Tropic of Night, Michael Gruber, Harper Torch, $7.50.
This is one of the most memorable, most entertaining, as well as one of the most thought provoking mysteries (or just plain books) that I have ever read. Michael Gruber apparently was the "ghost" for a lot of the Robert K. Tannenbaum books - this is his first under his own name - but it's apparent that this is a writer who has been honing his skills over decades. This is not the work of a first time author - it's mature, it's complex, it has psychological depth - and it has a killer plot. The setting is Miami and the book begins as a sort of standard serial killer type thriller, but it very quickly veers from the ordinary. Someone in Miami is cutting up pregnant women and taking their babies out. Catching the case are two very different detectives - an older born again white Christian, and a younger "black" Cuban, Iago "Jimmy" Paz, a complicated, angry, sensitive, commitment phobic cop. The story of the serial killer is paralleled by the story of Jane Doe (her real name) who at the moment is living under an alias with a daughter who doesn't belong to her, wearing the "invisibility" disguise of a plain and frumpy middle aged white woman. The love she feels for her daughter is waking her from a kind of self imposed prison sentence (the reasons behind it don't become clear until the end of the book), but the book jumps back in time to trace Jane's life as a wealthy young woman obtaining an anthropology degree and going out in the field to places where magic and spells are a reality, not an imagined concept.

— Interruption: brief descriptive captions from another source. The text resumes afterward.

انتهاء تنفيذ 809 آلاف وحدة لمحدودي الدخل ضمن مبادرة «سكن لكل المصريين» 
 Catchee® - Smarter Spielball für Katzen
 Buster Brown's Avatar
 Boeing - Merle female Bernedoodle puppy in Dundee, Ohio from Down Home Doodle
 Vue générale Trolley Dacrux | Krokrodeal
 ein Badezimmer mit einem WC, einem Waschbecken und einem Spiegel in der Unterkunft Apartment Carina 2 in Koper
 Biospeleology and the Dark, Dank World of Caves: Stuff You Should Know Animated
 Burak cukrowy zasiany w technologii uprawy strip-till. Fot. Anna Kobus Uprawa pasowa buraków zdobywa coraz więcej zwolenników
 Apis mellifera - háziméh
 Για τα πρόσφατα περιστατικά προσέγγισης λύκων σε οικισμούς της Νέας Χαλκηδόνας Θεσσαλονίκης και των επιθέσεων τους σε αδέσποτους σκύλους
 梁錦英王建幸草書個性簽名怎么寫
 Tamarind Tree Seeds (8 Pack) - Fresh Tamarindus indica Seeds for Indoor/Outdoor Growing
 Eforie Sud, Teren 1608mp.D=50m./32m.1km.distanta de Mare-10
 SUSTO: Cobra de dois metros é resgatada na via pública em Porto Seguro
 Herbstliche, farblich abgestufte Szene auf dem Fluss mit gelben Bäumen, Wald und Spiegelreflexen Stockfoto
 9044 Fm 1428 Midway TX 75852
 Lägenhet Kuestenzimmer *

A lot of what the books talks about is too complicated to explain in a short review, but Jane ends up in both Siberia and more notably, Africa, in cultures where she is almost devoured whole by the culture instead of actually studying it. When she goes to Africa, she goes with her chic black poet husband, and what happens to them there shapes what happens in the rest of the book.
Because Jane's story is tied to the story of a frustrated Detective Paz who is trying to find out who is killing pregnant women in Miami, Gruber is able to add lots of suspense and tension to what could have been a discursive look at African culture. The elements of African witchcraft (and in Miami, Santeria) are, however, some of the strongest elements in the book. Not only that, Jane's character is so real that when I finished the book I actually dreamed about her (you'll have to read the book to see how the Africans feel about dreams). This isn't a book easily forgotten. It may even change the way you look at the world, or how you feel about what might be real, and what might be possible. In the truly 60's sense of the word, this is a mind expanding read.